▶ **What is being asked**
Your answer should repeat the listing in full, with no line missing or altered.
Data START
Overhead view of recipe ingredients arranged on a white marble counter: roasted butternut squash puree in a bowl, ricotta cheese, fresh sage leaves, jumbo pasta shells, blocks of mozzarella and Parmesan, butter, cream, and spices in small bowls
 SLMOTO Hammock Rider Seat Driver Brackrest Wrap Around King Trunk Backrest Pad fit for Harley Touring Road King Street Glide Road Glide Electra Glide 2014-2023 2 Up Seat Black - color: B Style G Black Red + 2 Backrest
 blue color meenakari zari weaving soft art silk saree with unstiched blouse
Data END
▶ **Exercise solution**
Overhead view of recipe ingredients arranged on a white marble counter: roasted butternut squash puree in a bowl, ricotta cheese, fresh sage leaves, jumbo pasta shells, blocks of mozzarella and Parmesan, butter, cream, and spices in small bowls
 SLMOTO Hammock Rider Seat Driver Brackrest Wrap Around King Trunk Backrest Pad fit for Harley Touring Road King Street Glide Road Glide Electra Glide 2014-2023 2 Up Seat Black - color: B Style G Black Red + 2 Backrest
 blue color meenakari zari weaving soft art silk saree with unstiched blouse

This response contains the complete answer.